March 16, 2006

The Sources of 'The Will to Kill'

Brian J Dunn usually does better than this:

When I've discussed dealing with Iran I've mostly focused on the need for regime change. But I've always assumed that it would be a military coup-driven change resting on the support of the people who will be grateful that Iranians are toppling the mullahs. I've not had much faith in the ability of the Iranian people to pull down the regime in an Insert-Your-Color-Here Revolution.

Strategypage notes that people power revolts rely on a regime too reluctant to unleash the forces of the security apparatus on the people--either from moral sensibilities or fear the guys with guns won't shoot at the people if ordered to do so. And the Iranian regime is more than happy to kill and has the killers reliable enough to do the job:

The problem is that neither Dunn's article nor the underlying Strategy Page article actually look at this hundred thousand man force and what makes them reliable killers for the regime. This is reducing a key political player to a bunch of myrmidons, cardboard cutouts, imitations of human beings with complex emotions and motivations. This will not do for serious analysis.

It's crucial for any sort of internally driven revolution to understand these men and what motivates them. If it's money and power, can they be bought? If it's fear of the hangman, can they be given pardons or guarantees of comfortable exile? If it is out of religious fervor, are their mullahs that could turn them with a well written fatwa declaring that they must change sides?

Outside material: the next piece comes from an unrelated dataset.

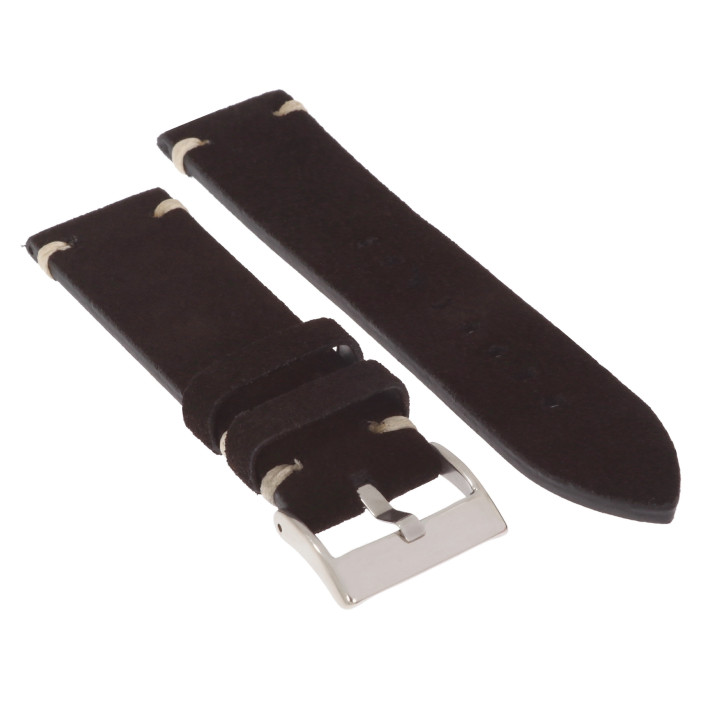 PASEK DO ZEGARKA 24 mm DILOY 417.01.24 NUBUK CZARNY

No matter what the answers are, it is in the details of the motivation of the hard men defending the mullahs that will determine if a people power revolt is possible. Not all of them have to be turned, just enough to make resistance hopeless and demoralize the regime to the point where it negotiates a surrender.

It is very likely that intelligence agencies from various countries have pursued this information and that a pretty good map of regime military/paramilitary/police motivations exist, unit by unit. That's not the kind of thing that is going to go open source intelligence anytime soon. But it behooves us on the open side to recognize the limits of our analysis and to point to where the obvious holes are instead of filling them in with our own prejudices.